Whether this happy state of affairs will continue into the winter is, as yet, unknown, but the ANC government will be relieved. There’s no better way to ensure that you will be kicked out of office than failing to provide the most basic of services to the electorate and, after all, it’s election season in South Africa with a general election due in the first half of the year. Six months ago, the ANC would have felt very queasy about their chances; now it seems possible – at the very least – that they will hang on to their much-prized majority at the ballot box. It’s a majority that they desperately need too: without it, they will be forced into coalition with either the quasi-communist, Mugabe-inspired Economic Freedom Fighters (EFF), led by the unlovely Julius Malema, or the Democratic Alliance (DA), led by John Steenhuisen, which many ANC voters see as a white man’s party. ANC leaders, especially President Ramaphosa, will know that selecting either party as a partner in a coalition would likely lead to the implosion of the ANC.

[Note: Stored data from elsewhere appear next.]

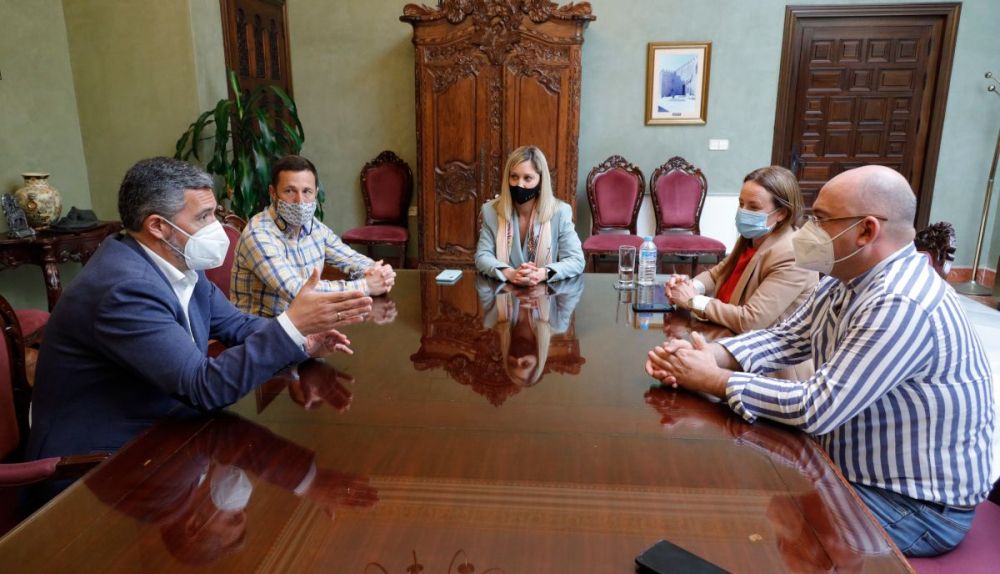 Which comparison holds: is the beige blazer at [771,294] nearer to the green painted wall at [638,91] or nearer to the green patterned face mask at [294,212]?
the green patterned face mask at [294,212]

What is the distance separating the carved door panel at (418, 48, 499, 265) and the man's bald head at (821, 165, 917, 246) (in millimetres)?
3770

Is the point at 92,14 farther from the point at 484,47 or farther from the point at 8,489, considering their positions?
the point at 8,489

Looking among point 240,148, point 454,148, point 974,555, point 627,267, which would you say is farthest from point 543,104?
point 974,555

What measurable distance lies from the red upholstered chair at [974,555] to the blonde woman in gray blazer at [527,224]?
1671mm

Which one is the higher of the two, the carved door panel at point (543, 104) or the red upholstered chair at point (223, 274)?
the carved door panel at point (543, 104)

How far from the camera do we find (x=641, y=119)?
534 centimetres

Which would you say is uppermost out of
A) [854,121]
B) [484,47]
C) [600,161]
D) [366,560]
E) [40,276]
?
[484,47]

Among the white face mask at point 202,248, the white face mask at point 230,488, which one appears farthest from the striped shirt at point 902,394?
the white face mask at point 202,248

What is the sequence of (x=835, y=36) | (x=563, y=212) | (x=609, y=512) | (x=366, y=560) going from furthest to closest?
(x=835, y=36), (x=563, y=212), (x=609, y=512), (x=366, y=560)

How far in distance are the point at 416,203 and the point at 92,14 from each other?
8.47 ft

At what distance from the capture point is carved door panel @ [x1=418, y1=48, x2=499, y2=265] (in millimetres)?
4871

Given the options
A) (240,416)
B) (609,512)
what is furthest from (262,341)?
(609,512)

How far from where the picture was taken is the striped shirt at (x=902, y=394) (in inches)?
48.6

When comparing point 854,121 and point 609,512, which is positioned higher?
point 854,121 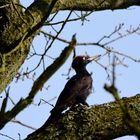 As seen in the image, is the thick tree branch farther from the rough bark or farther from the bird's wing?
the bird's wing

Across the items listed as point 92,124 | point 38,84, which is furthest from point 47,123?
point 38,84

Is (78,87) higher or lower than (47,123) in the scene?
higher

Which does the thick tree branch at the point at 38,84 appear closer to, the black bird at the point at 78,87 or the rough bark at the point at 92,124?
the rough bark at the point at 92,124

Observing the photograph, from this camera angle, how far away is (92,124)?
2.45 meters

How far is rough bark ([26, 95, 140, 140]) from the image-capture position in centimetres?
240

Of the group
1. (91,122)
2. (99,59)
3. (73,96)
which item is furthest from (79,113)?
(73,96)

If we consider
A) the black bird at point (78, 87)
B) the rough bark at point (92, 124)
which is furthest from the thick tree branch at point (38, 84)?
the black bird at point (78, 87)

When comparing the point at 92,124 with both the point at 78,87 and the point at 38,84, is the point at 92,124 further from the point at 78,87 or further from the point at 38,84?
the point at 78,87

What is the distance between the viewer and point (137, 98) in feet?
8.62

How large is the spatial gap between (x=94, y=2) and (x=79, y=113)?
1.77 meters

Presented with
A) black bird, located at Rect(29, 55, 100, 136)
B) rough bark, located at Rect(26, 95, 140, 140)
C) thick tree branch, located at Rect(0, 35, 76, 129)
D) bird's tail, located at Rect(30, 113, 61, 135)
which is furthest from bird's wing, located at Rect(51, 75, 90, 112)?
thick tree branch, located at Rect(0, 35, 76, 129)

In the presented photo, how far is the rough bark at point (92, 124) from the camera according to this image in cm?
240

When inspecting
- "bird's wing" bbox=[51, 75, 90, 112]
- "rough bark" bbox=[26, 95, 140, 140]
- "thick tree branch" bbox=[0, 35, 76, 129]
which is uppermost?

So Ramaphosa has reason to thank his Minister for Electricity, Kgosientsho “Sputla” Ramokgopa. Appointed in the middle of last year to grip the load-shedding crisis, Ramokgopa is the driving force behind South Africa’s improved situation. He came into office with precious few executive powers but has performed so well – mostly by identifying where the problems lay and then talking about them openly – that he has recently been granted very significant powers to instruct Eskom, the failing national utility, wherever he thinks they are falling short. And it is Eskom that’s the problem: poor management, spectacular corruption and blatant misconduct has simply eaten out the insides of what was once a high-performing company and led it to insolvency.
While he has had plenty of success so far, there are other hurdles for Ramokgopa to surmount not least vested interests that will be hard to dislodge: Gwede Mantashe, the powerful Minister for Energy, wants the power system in South Africa to rely on fossil fuels to appease his coal-mining power base while Pravin Gordhan, the equally powerful Minister of Public Enterprises, who is responsible for Eskom, will fight very hard to maintain his influence over the state utility.
Ramokgopa’s success, then, is against the odds. Most people, including me, thought that he would fail when confronted by myriad vested interests within the South African government. The fact that he has succeeded tells us something about his personal qualities but also the depth of the crisis that South Africa faced – the idea that even the most embedded vested interests realised that something had to change.
But those embedded vested interests haven’t gone away and they haven’t stopped damaging South Africa. Every Capetonian I met last week was keen to stress that Cape Town, and especially its richest suburbs where I was lucky enough to be staying, is a bubble that tells you nothing about the real South Africa where failing infrastructure, deep-rooted dishonesty and horrific criminality are just things that South Africans have to put up with every day. This is why the South Africans I spoke to seemed unsure about the outcome of the upcoming election: all of them agreed that the improvements in electricity supply had helped the ANC’s prospects; all of them agreed that President Ramaphosa is the best of an ordinary bunch; all of them agreed that the ANC desperately needs a taste of what it’s like to sit on the outside looking in. As it stands today, however, it looks as though Sputla Ramokgopa has saved the ANC’s bacon – at least this time around. In 2029, who knows?